## Exercise
Restate, word for word and with no pictures, the stretch of lines in the data below that begins at the line with "BONGO, Women's Black" and ends at the line with "Salamandra com caldeira", inclusive.

□ □ □ □ □ □ □

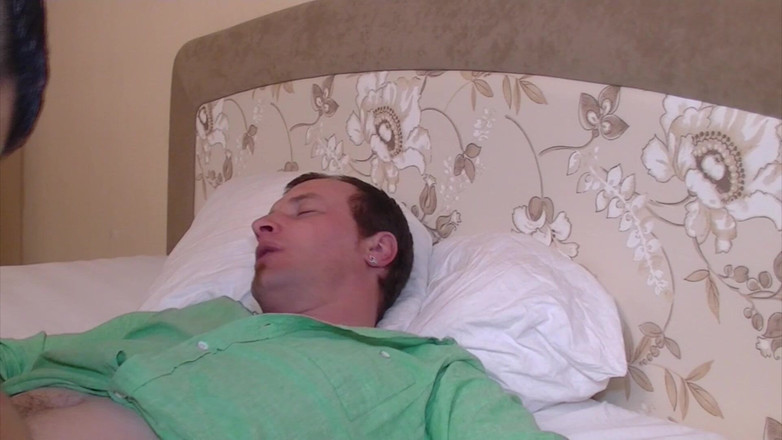 Gaylicious: Gonflement de la gorge, gorge profonde baveuse - bave sur une...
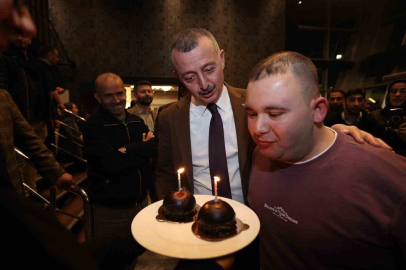 Arif’e iftar sofrasında sürpriz doğum günü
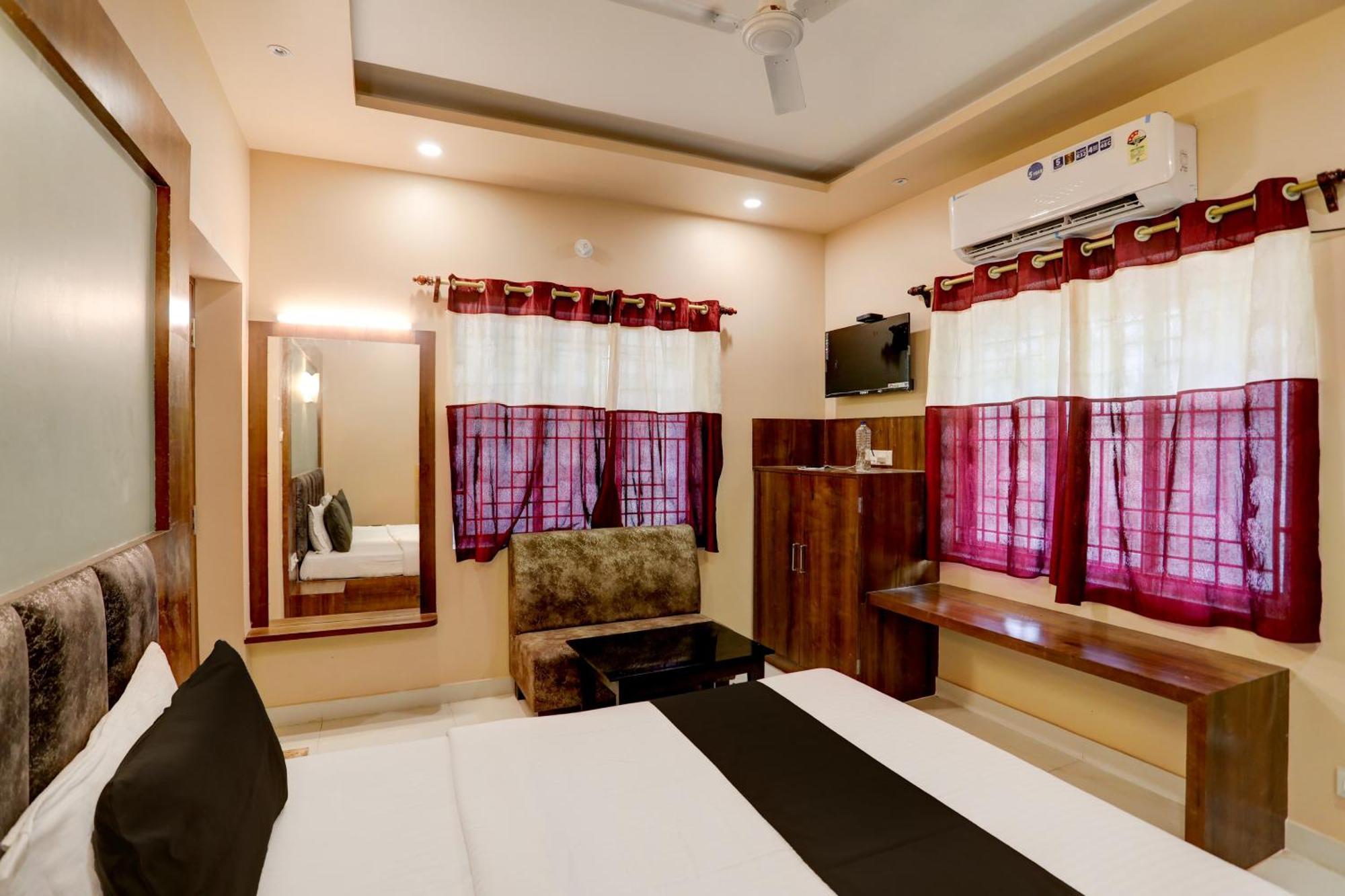 Hotel O Ruby House Puri Exterior foto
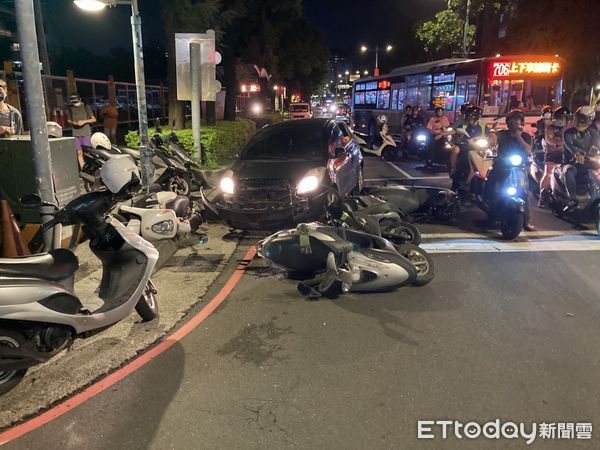 ▲▼      新北市轎車爆胎衝撞4輛機車，肇事駕駛竟是通緝犯       。（圖／記者陳雕文翻攝）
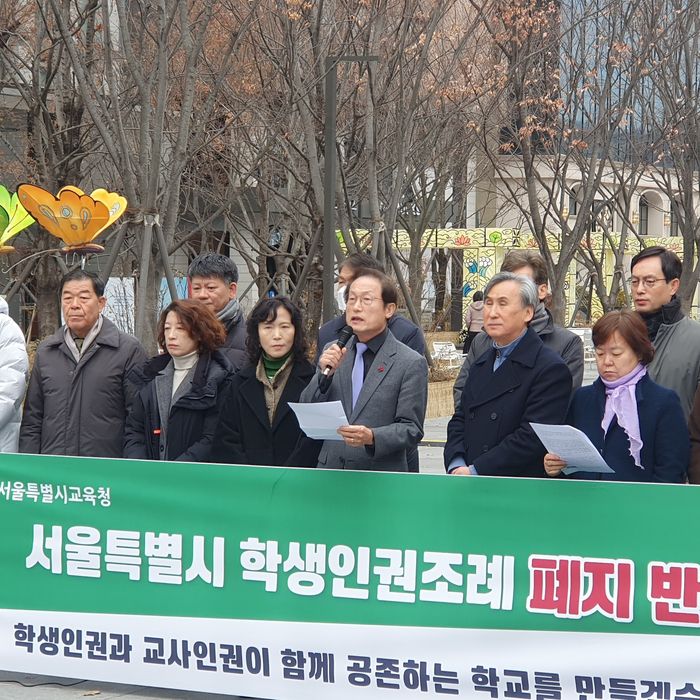 13일 서울 광화문광장에서 조희연 서울시교육감이 학생인권조례 폐지 반대 입장을 밝히고 있다. [서정원 기자]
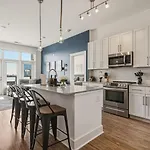 Blue Haven - Pool, Views, Free Parking * Charlotte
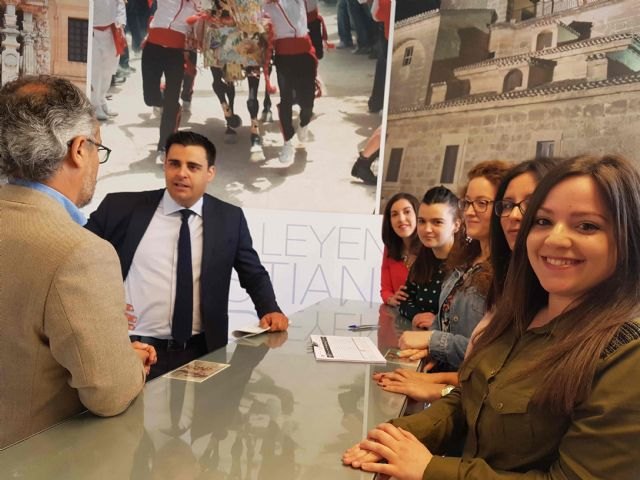 La Comunidad facilita la contratación de cinco jóvenes en paro de Caravaca de la Cruz para promocionar el Año Jubilar - 1, Foto 1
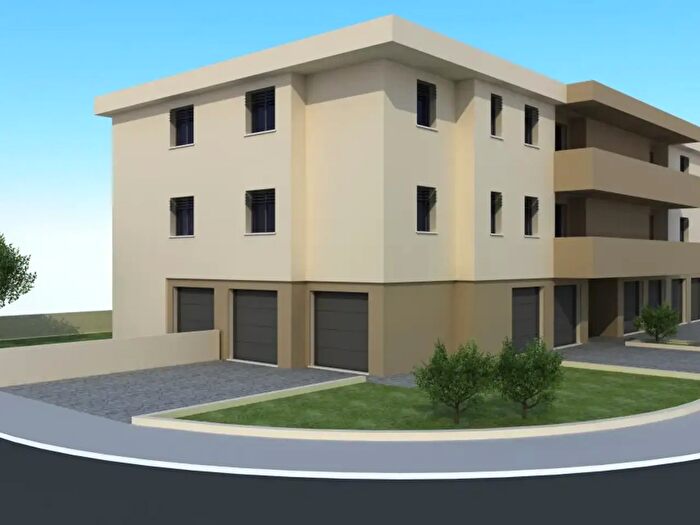 Appartamento trilocale in vendita in Via Luisa Battistotti, Curtatone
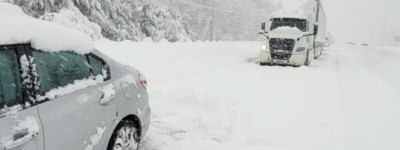 雪天如何安全开车？专家教你这些小技巧关键时刻可以保命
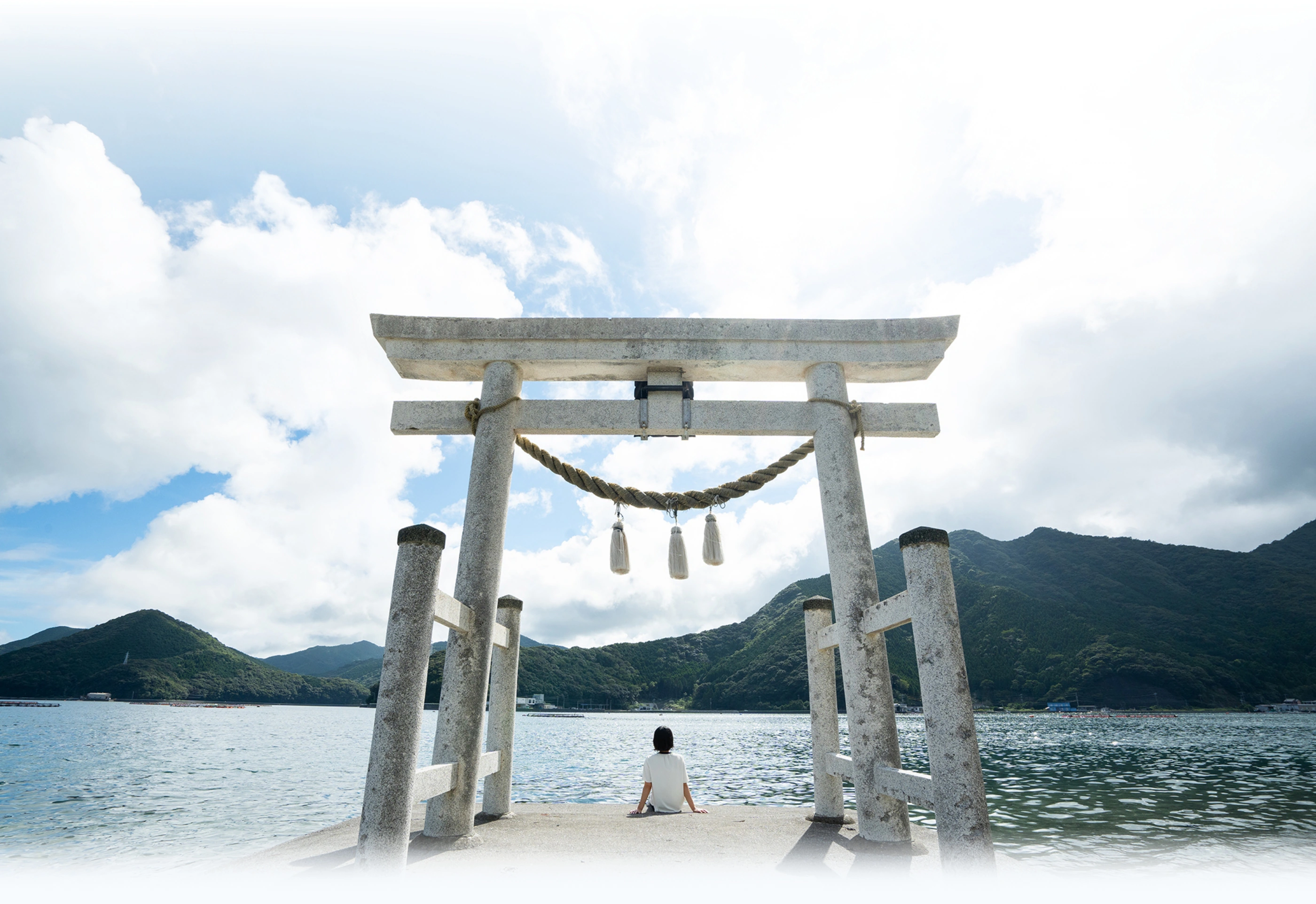 海に向かって立つ江武戸神社の鳥居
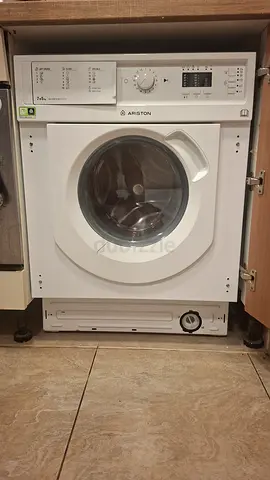 ARISTON BUILT IN WASHING MACHINE 7.KG WASHER 5KG DRYER LATEST MODEL NEAT AND CLEAN GOOD CONDITION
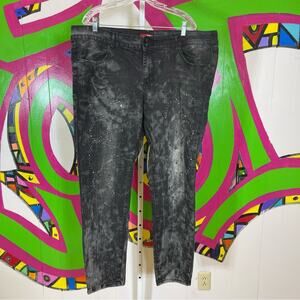 BONGO, Women's Black Acid Wash Jeans with Studs. Size 22W. Excellent condition!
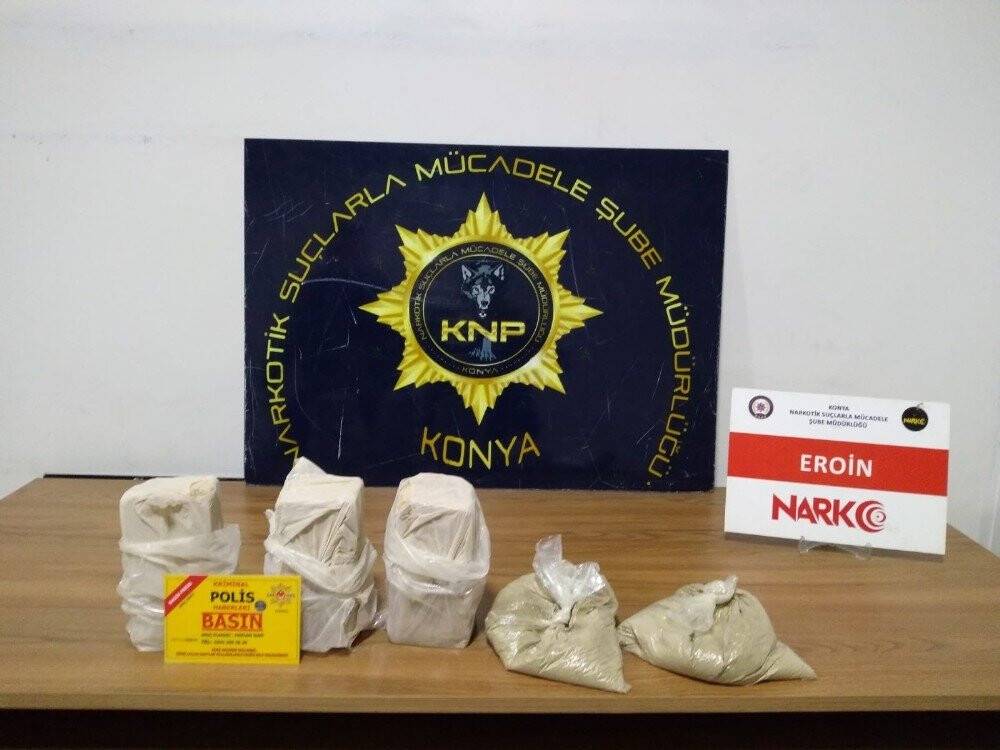 Polisten kaça kaza yaptı, otomobilden eroin çıktı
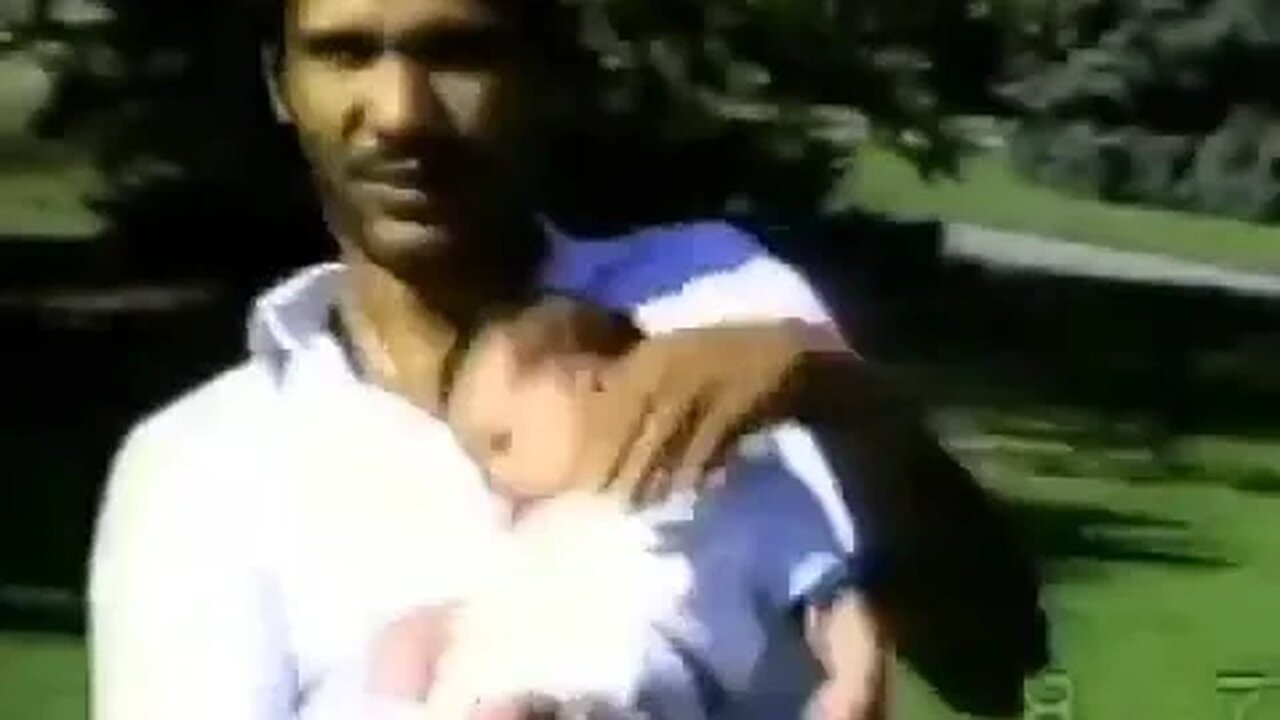 Toddler Andrew Tate, baby Tristan Tate with Papa Tate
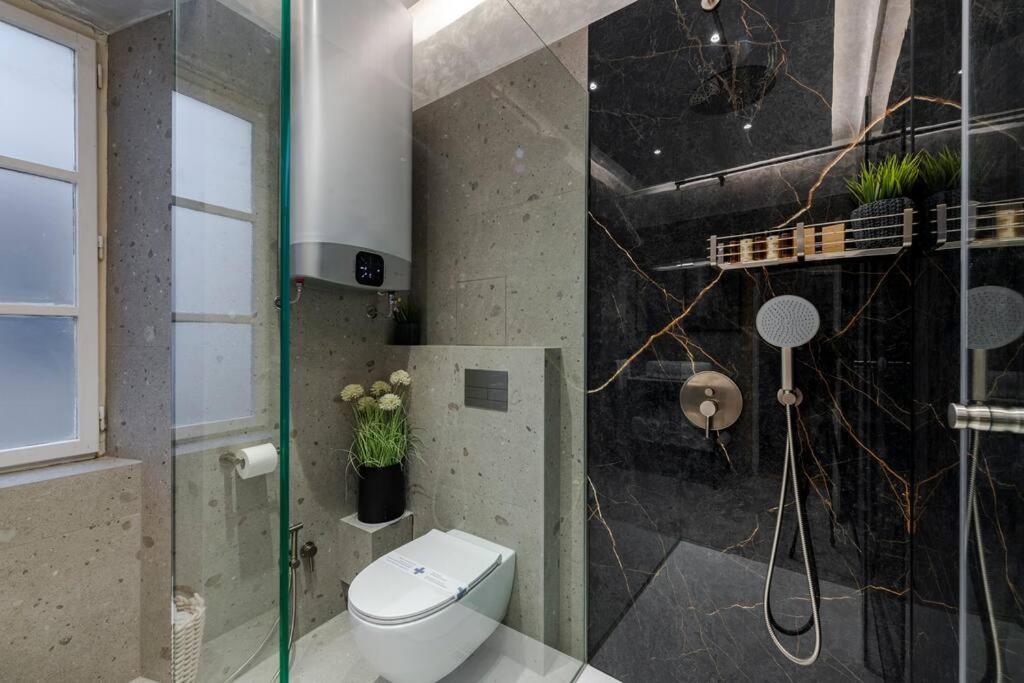 Flora-Heartbeat Old City Three Bedrooms Apartment 杜布罗夫尼克 外观 照片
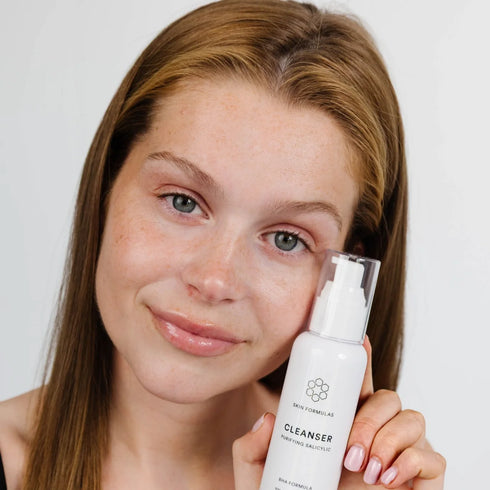SKIN FORMULAS PURYFYING SALICILIC CLEANSER - PRAUSIKLIS SU SALICILO RŪGŠTIMI IR PREBIOTIKAIS 100 ml.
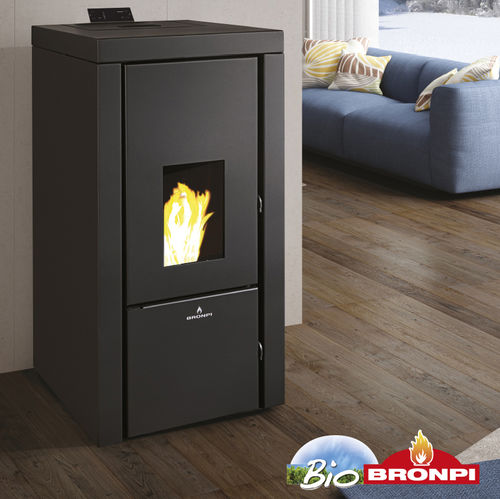 Salamandra com caldeira a pellets - CARLOTA-NE - Bronpi - 20 kW–50 kW / de piso / contemporânea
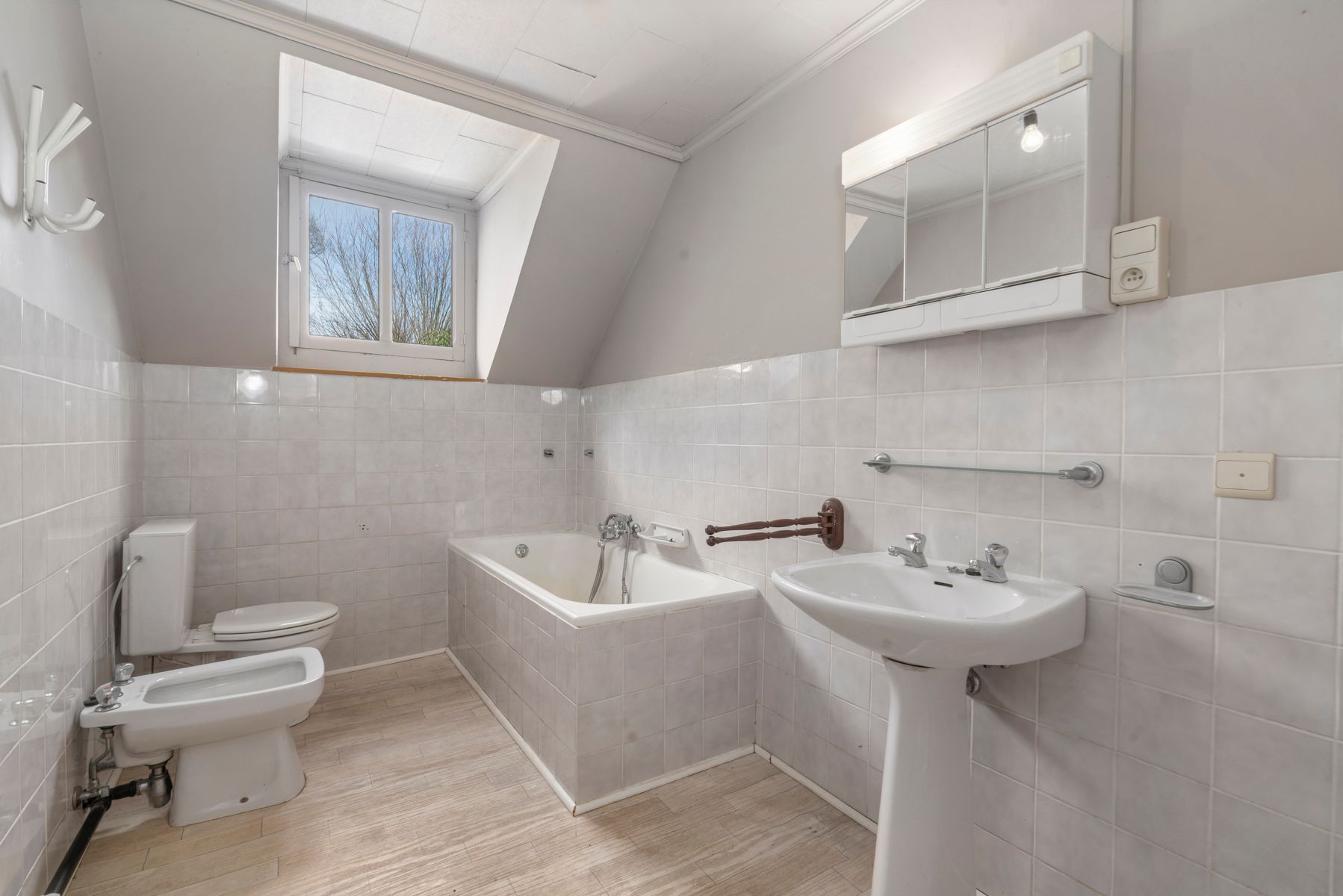 Te renoveren woning aan de stadsrand van Geraardsbergen foto 9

□ □ □ □ □ □ □

## Exercise response
 BONGO, Women's Black Acid Wash Jeans with Studs. Size 22W. Excellent condition!
 Polisten kaça kaza yaptı, otomobilden eroin çıktı
 Toddler Andrew Tate, baby Tristan Tate with Papa Tate
 Flora-Heartbeat Old City Three Bedrooms Apartment 杜布罗夫尼克 外观 照片
SKIN FORMULAS PURYFYING SALICILIC CLEANSER - PRAUSIKLIS SU SALICILO RŪGŠTIMI IR PREBIOTIKAIS 100 ml.
 Salamandra com caldeira a pellets - CARLOTA-NE - Bronpi - 20 kW–50 kW / de piso / contemporânea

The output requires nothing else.